Toby two: He was, apparently, left at a shelter by his owners. He was a healthy approximately 8-year old Retriever and now lives a wonderful life with his family.
Max: Our little Pointer mix, DOB approximately March 2008. He comes from Beruit, the BETA shelter. I know we have enough dogs here to save but the dogs in Lebanon have virtually no chance of being adopted out and live forever in a shelter. One family with children came to meet him and wanted to adopt him but they weren't a good match. Max, at that time, was terrified of chidren. My guess is children probably threw sticks at him by the way he used to react to sticks and children. He just stayed with us.
Hera: She was a blind Shepherd cross who was the only dog we brought in to whom Zeetie never took offence.

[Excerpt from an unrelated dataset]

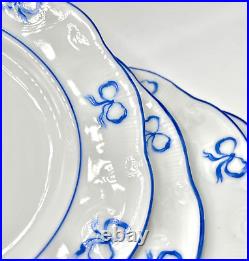 Set Of 4 Lovely Vista Alegre Ruban Blue Bread Plates Excellent Condition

I would think that was because Hera never made eye contact and hence was no challenge. She and Zeetie were great in the beginning but Hera came to dislike Zeetie.
Gracie: She was a 3.5 year old Great Pyr who seemed to have lived her life outside. She had anxiety about being left alone (although, seemed okay when left with my two). It took 16 days before Zeetie accepted her but even then, we had to watch them. Fights broke out on a dime.
Wilson: A big baby of a 6-year old Great Pyr whose owner turned him in to be euthanized while the husband went to prison. He turned out to be a lovely boy but was a challenge since he has Addison's and could not deal with stress. He leaped at cars, people, barked more than a normal Pyr would and was protective of his family so care had to be taken. After 8 months, he found his perfect family. See his video on Youtube
Ramona: She was two years old. An owner surrender because a child stomped on her foot and she lunged at the child the next time he came near her. Nothing happened but chances cannot be taken when a daycare is involved. It's so important to teach children to respect dogs and train them how to be around them. She has gone to a fabulous home in the country where she has free range of the property.
Jasper: He was surrendered because there was a new baby in the house or so they said. Mr. Jasper had to spend most of his time in the crate and, by the smell of him, peeing in the basement and lying in his own urine. Sadly, he had to be euthanized by his adoptive family because he had bites. Pyrs are not for most people. I erred in my judgement.
Gypsy: I'll not know why she kept being shifted from home to home. She needs to be the only pet in the family, though. She just wants to be with her people and be loved. We had her for ten days and it was quite a chore keeping her away from our dogs but we managed until she went back to her original foster, and was subsequently adopted out.